On the ‘Right to Be Forgotten’
While Viktor Mayer-Schönberger is arguing today both that there’s really not a lot new to the European Court of Justice decision to order Google to adjust its search results to accommodate the right to privacy for one individual and that it really won’t be a problem because Google already handles loads of copyright removal requests very quickly, the decision has also sparked some really rather silly comments all over the media, usually from the neoliberal and libertarian right, that this is a kind of censorship or that it will open the door to states being able to control search results.
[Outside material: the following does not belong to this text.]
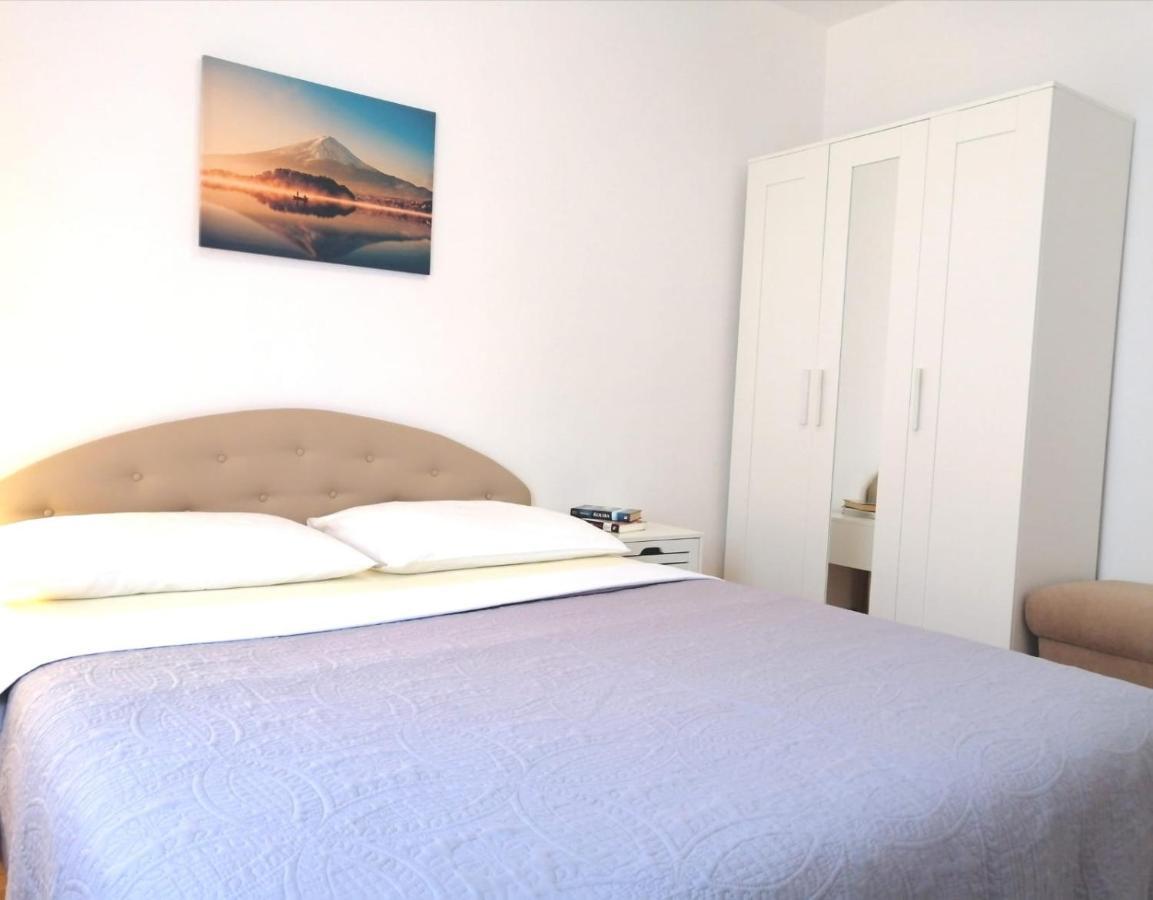 Lovely Sea View House In Malinska Island Krk Luaran gambar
I think it’s vital to remember that there’s really an obvious difference between personal privacy, corporate copyright and state secrecy. I really don’t think it’s helpful in discussion to conflate all these as somehow all giving potential precedent to the other (and I should be clear that Mayer-Schönberger is not doing this, he’s merely pointing out the ease with which Google already accommodates copyright takedown notices to show that it’s not hard or expensive for them to comply with this ruling). State attempts to remove things that it finds inconvenient are not the same as the protection of personal privacy, and neither are the same as copyright. This decision is not a precedent for censorship by governments or control by corporations and we should very strongly guard against any attempts to use it in this way.
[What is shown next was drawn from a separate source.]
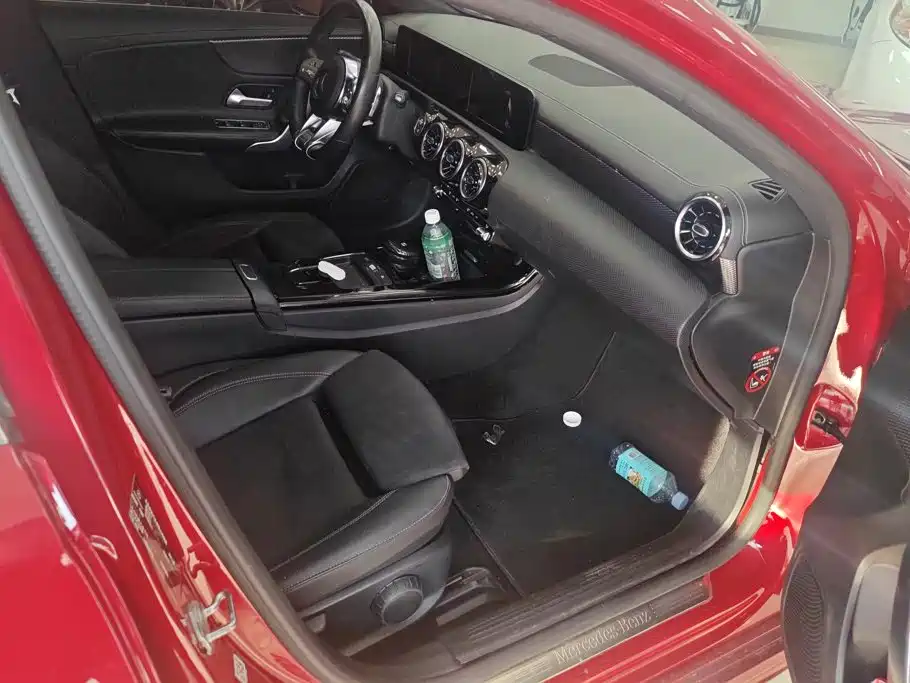Mercedes-Benz A-Class 2020 — фото 8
Google algorithms already do a whole range of work that we don’t see and to suggest that they are (or were) open, free and neutral and will now be ‘biased’ or ‘censored’ after this decision is only testament to how much we rely on Google to a large extent, unthinkingly. This is where I start to part company with Mayer-Schönberger is in his dismissal of the importance of this case as just being the same as a records deletion request in any other media. It isn’t; it’s much more significant.
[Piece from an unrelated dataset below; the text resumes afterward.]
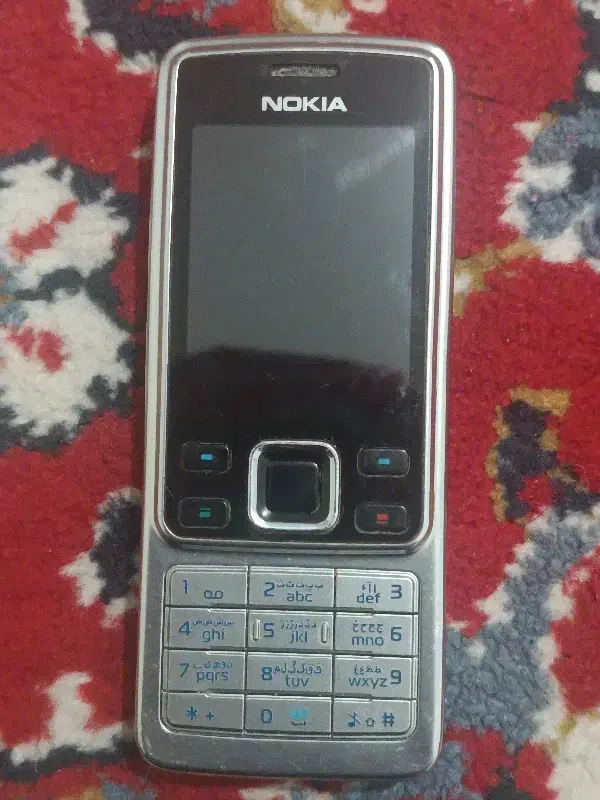 گوشی6300 در حد نو بسیار تمیز|موبایل|شاهینشهر, خانه کارگر|دیوار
You are sill perfectly free to make the effort to consult public records about the successful complainant in the case (or anyone else) in the ways you always have. The case was not brought against those holding or even making the information public. What the case sought to argue, and what the court’s verdict does, is to imply that there are good social reasons to limit the kind of comprehensive and effortless search that Google and other search engines provide, when it comes to the personal history of private individuals – not to allow that one thing that is over and one to continue to define the public perception of a person anywhere in the world and potentially for the rest of their life (and beyond). Something being public is not the same as something being easily and instantaneously available to everyone forever. In essence it provides for a kind of analog of the right of privacy in public places for personal data. And it also recognizes that the existence and potentials of any information technology should not be what defines society, rather social priorities should set limits on how information technologies are used.
Personally, I believe that this is a good thing. However, as the politics of information play out over the next few years, I also have no doubt that it’s something that will be come up again and again in courts across the world…
PS: I first wrote about this back in 2011 here – I think I can still stand behind what I though then!